Other SJHL players said they don't bother with seat belts.

"Guys want to sleep on the bus, especially on long trips to Flin Flon," said Jaxon White, who plays for the Flin Flon Bombers. "Every bus I've been on there have been no seat belts."

"Everyone's sitting down, lying down. It's not like everyone is standing up doing stuff," said Jaxon White, who plays for the Flin Flon Bombers.

He and other players told CBC they don't use seatbelts, in part because it makes it more uncomfortable to sleep during long road trips.

"I don't think anyone really thinks about putting a seatbelt on in a bus," White said.

'You can still have that atmosphere, but you can have a seatbelt on'

Russell Herold thinks about seatbelts more than he ever thought he would.

Raelene and Russell Herold's son Adam was the youngest Humboldt Bronco killed on the team bus when it collided with a semi-trailer on April 6. (Olivia Stefanovich/CBC)

His son Adam was the youngest Humboldt Bronco killed in the crash, less than a week before his 17th birthday.

"You can still have fun, you can still be a group, you can still have that atmosphere, but you can have a seatbelt on," said Herold.

He said he never considered wearing a seatbelt on a team bus until the day he lost his son.

"If it saves your life, or anybody's life, does that not make a difference?" Herold said.

In a lawsuit filed earlier this summer, Herold and his wife claimed said the bus was defective, ejecting team staff and players through the roof onto the highway when it collided with a semi-trailer on April 6.

Although the Broncos' bus had lap belts, it's not clear whether anyone except the driver was buckled in.

"I have told them," said Humboldt Broncos head coach and general manager Nathan Oystrick, after being asked whether he's telling his players to buckle up. (CBC)

Players on this year's Broncos squad, who competed at a showcase in Warman Tuesday, said they're supposed to wear seatbelts on the bus.

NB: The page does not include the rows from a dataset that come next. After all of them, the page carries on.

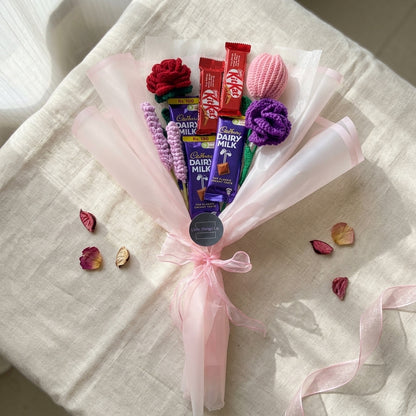 Chocolate Premium Crochet Bouquet — Hero. Styling props are not included. NovoBiz 3a08d31c-c5f2-40d1-b86f-f03f54c98d9c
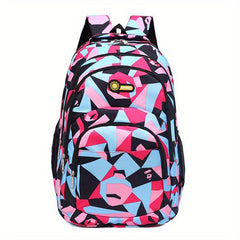 Geometric Pattern Preppy Backpack Large Capacity Back To School Daypack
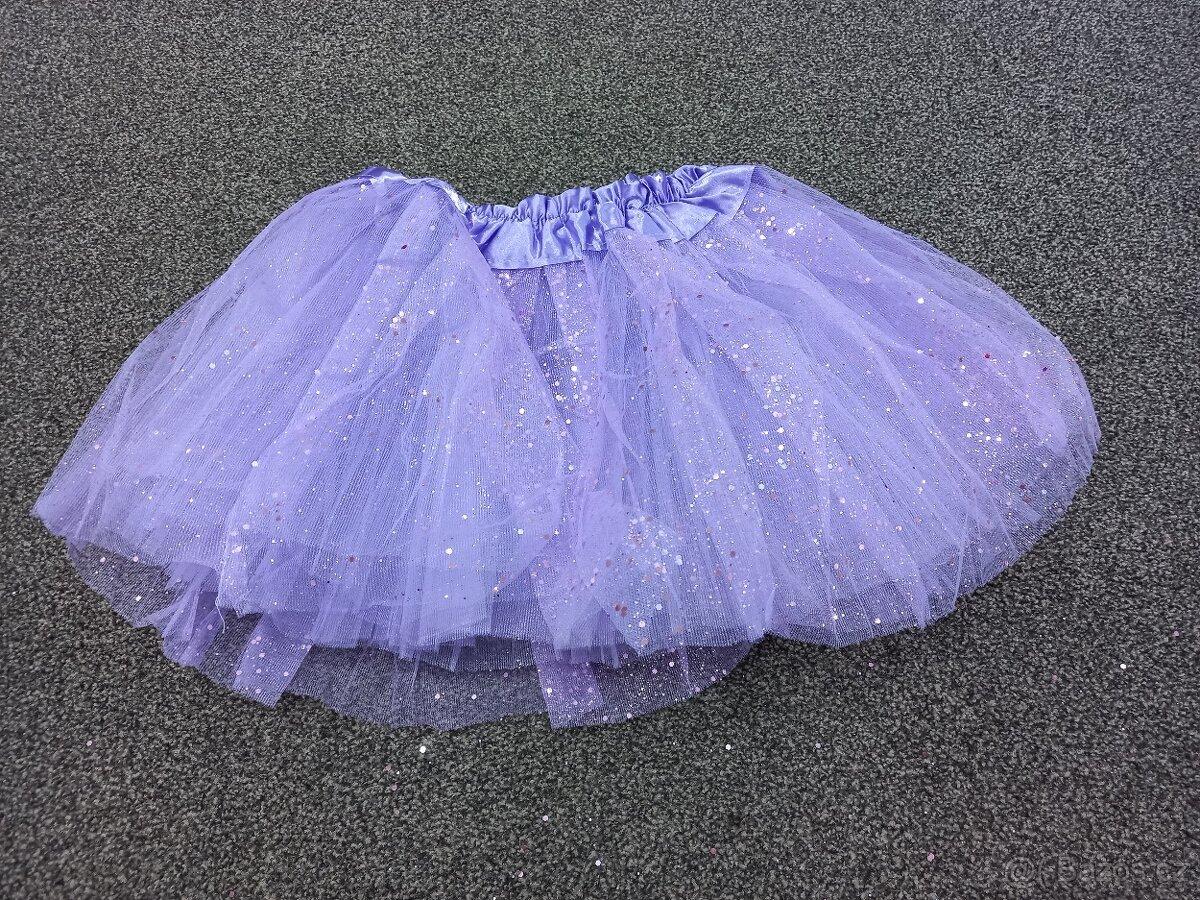 Tylová tutu sukně, cca 3-6 let, fialová s flitry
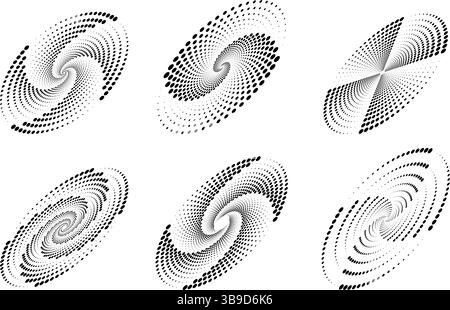 Formes avec des motifs de points demi-teintes tourbillonnants en noir et jaune sur fond blanc. Illustration de Vecteur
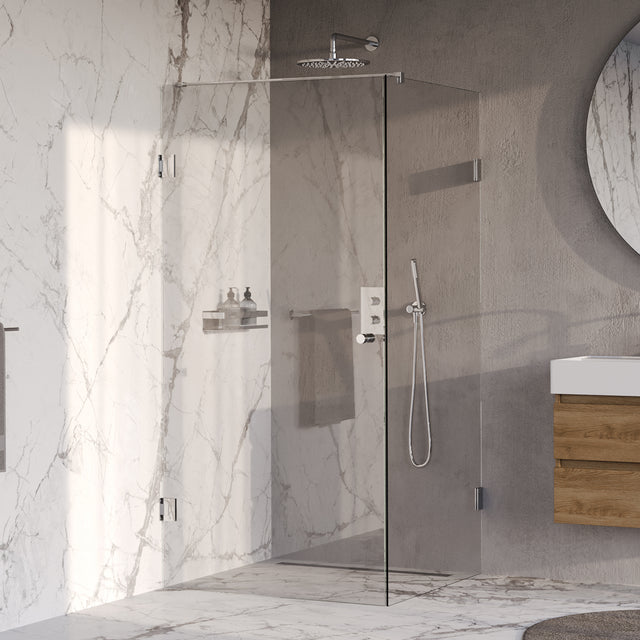 BRAUER Void Carving douchecabine met draaideur helder glas 100x100x200 incl. glascoating chroom GS-VOCC1H100100200CE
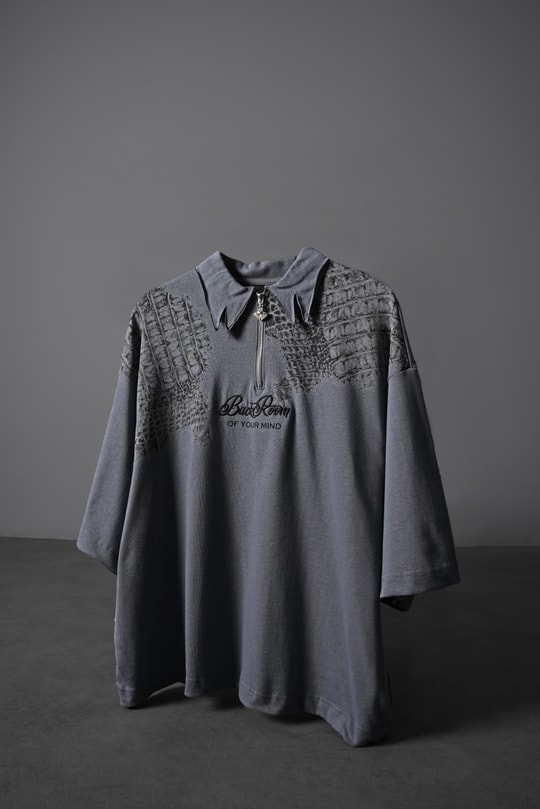 Erkek Füme Backroom Box Fit Polo Yaka Tshirt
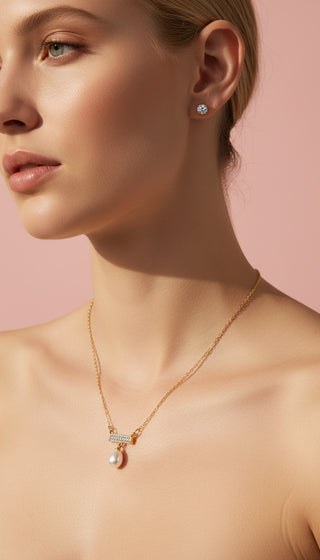 Crystal Bar & Pearl Drop Pendant Necklace & Earring Set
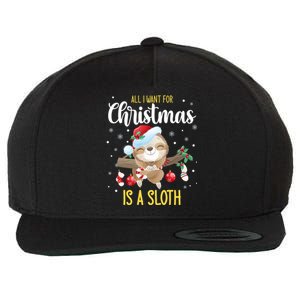 All I Want For Christmas Is A Sloth Funny Sleeping Sloth Gift Wool Snapback Cap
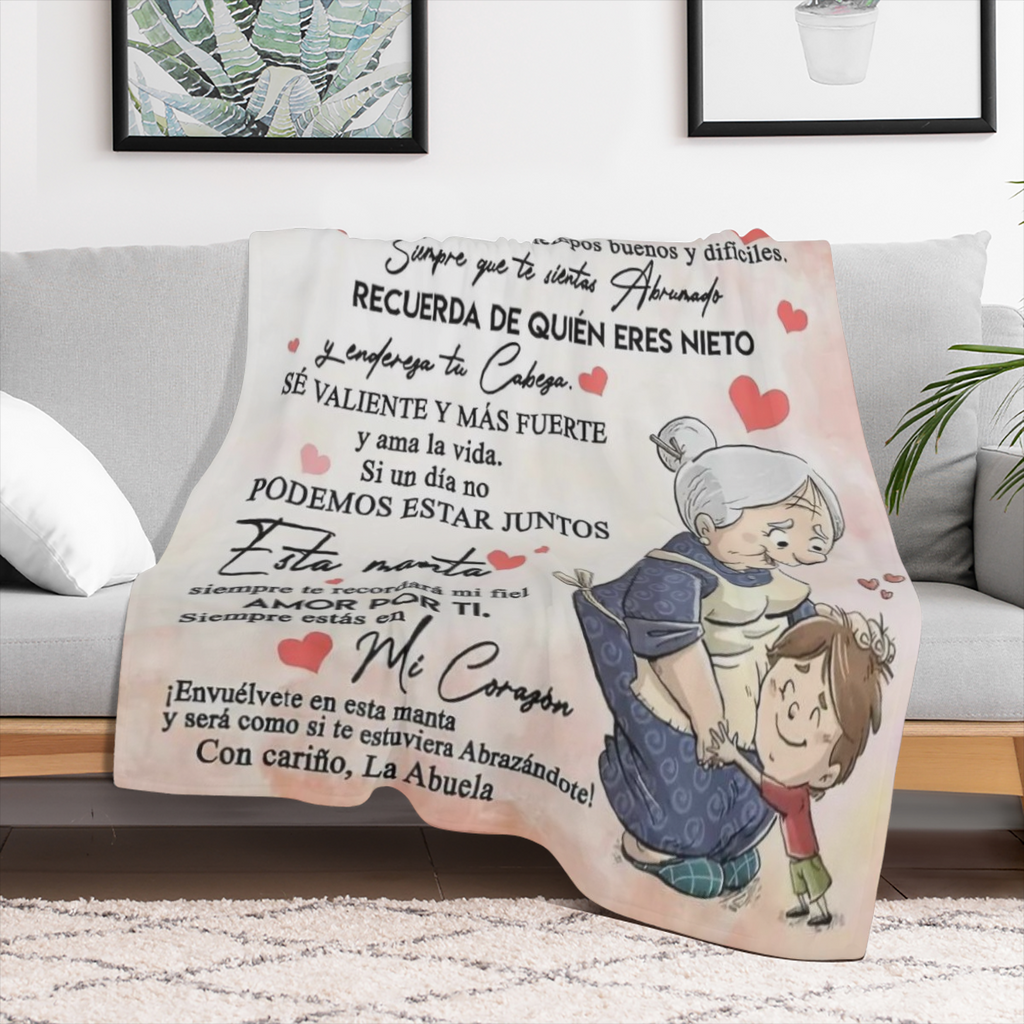 Una Manta Moderna con Patr¨®n de Letras Espa?olas para Nietos - Franela Hipoalerg¨¦nica, Impresa Digitalmente, Lavable a M¨¢quina, C¨®moda y Multifuncional para Todas las Estaciones, Decoraci¨®n para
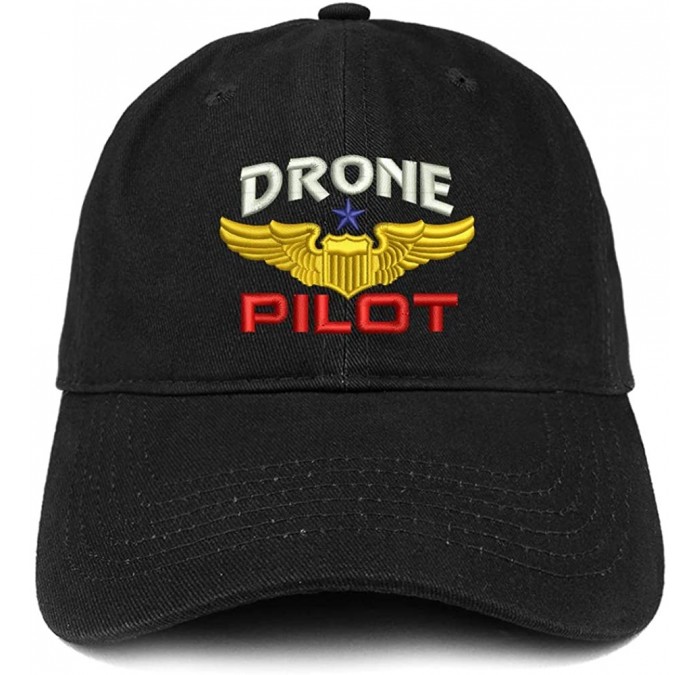 Baseball Caps Drone Pilot Aviation Wing Embroidered Soft Crown 100% Brushed Cotton Cap - Black - CG17YTSG5QD $34.20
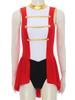 Women's Circus Ringmaster Halloween Costume Sleeveless Skirted Leotard Showman Jumpsuit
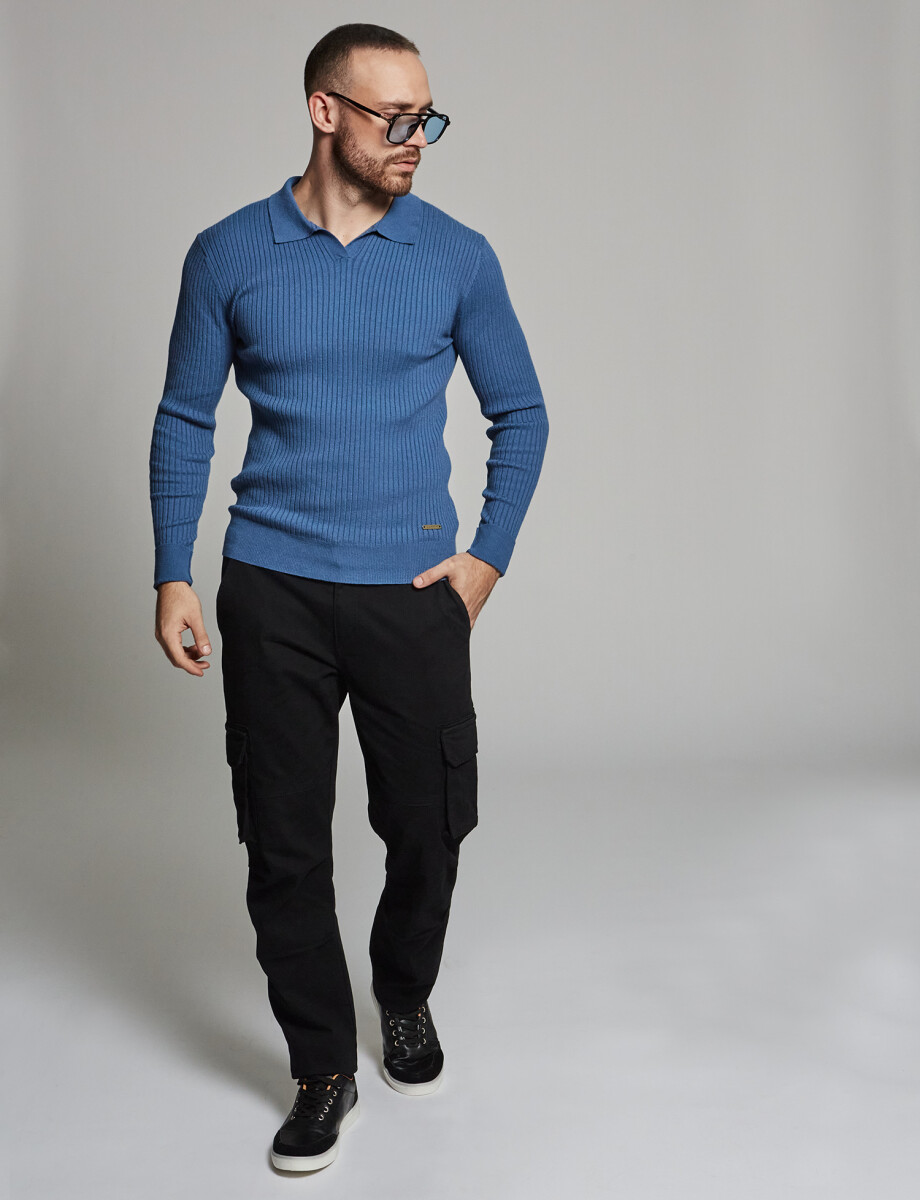 Pantalon cargo slim negro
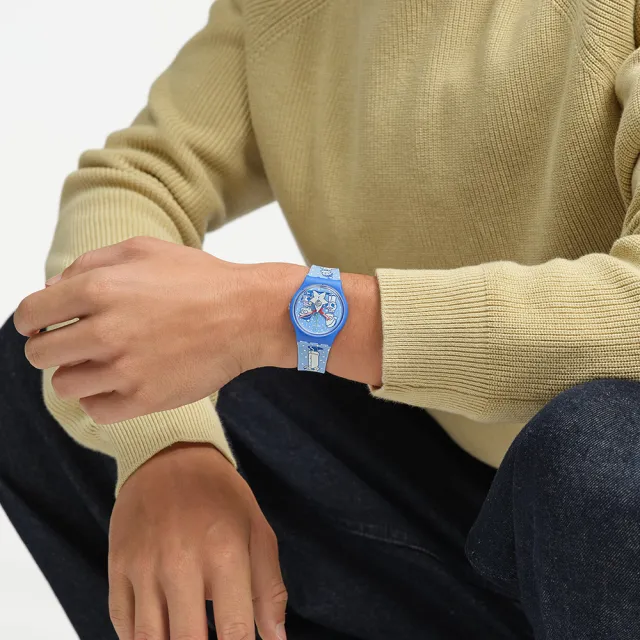 【SWATCH】TIDINGS OF JOY 辛普森家庭/經典手錶/男錶/女錶/瑞士製造 SO28Z126(34mm)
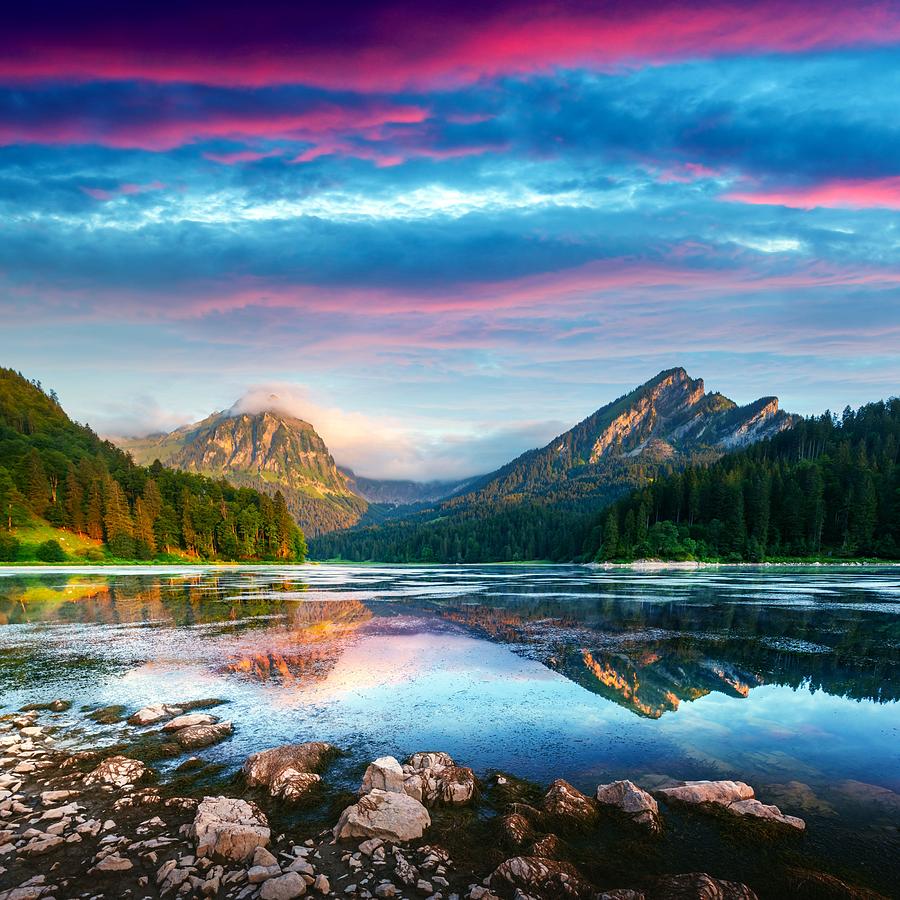 Peaceful Summer View On Obersee Lake Photograph by Ivan Kmit - Fine Art ...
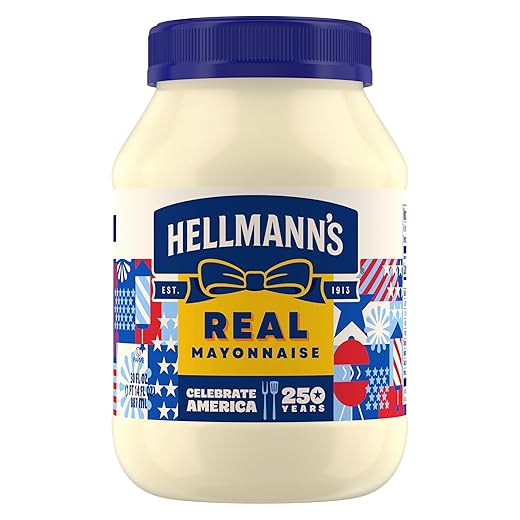 Hellmann's Mayonnaise Real Mayo 1 ct For A Creamy Sandwich Spread or Condiment Rich in Omega-3 ALA, Gluten Free 30 oz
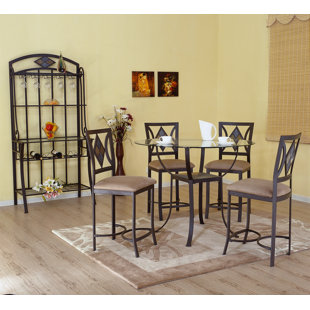Diamond Round Metal Base Dining Table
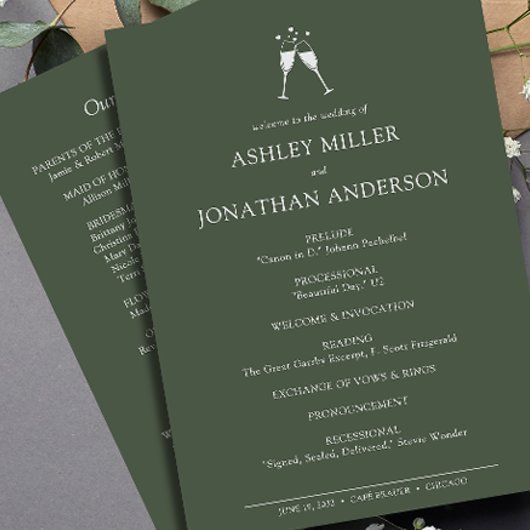 Elegante moderne eenvoudige elementen bruiloft programma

The new head coach, Nathan Oystrick, said he tells the boys to buckle up.

But the charter bus they rode to the tournament today did not have any passenger seatbelts. New buses and passenger coaches built from 2020 onward in Canada will be required to include seatbelts.

League considering changes

In Saskatchewan, anyone in a vehicle equipped with seatbelts is required by law to use them.

But no one can remember a single instance where police pulled over a bus to enforce that—​including Bill Chow, who spent 30 years as a police officer in Prince Albert.

Today, Chow is the president of the Saskatchewan Junior Hockey League.

"It's going to be a swing in culture, a swing in tradition," said Saskatchewan Junior Hockey League president Bill Chow. "Letting the macho people check their egos at the bus door and go and sit down and put your seat belt on." (Chanss Lagaden/CBC )

He said he wants coaches, parents and team staff to buckle their seatbelts, and tell players to do the same.

"We're not going to be on every bus to make sure players are wearing their seatbelts," Chow said. "But if we make it somewhat of a mandatory concern from the Saskatchewan Junior Hockey League to our teams moving forward, then it will be an education process."

Chow said he'll bring the idea to his league's Board of Governors this fall.

"It's going to be a swing in culture, a swing in tradition," said Chow. "Letting the macho people check their egos at the bus door and go and sit down and put your seatbelt on."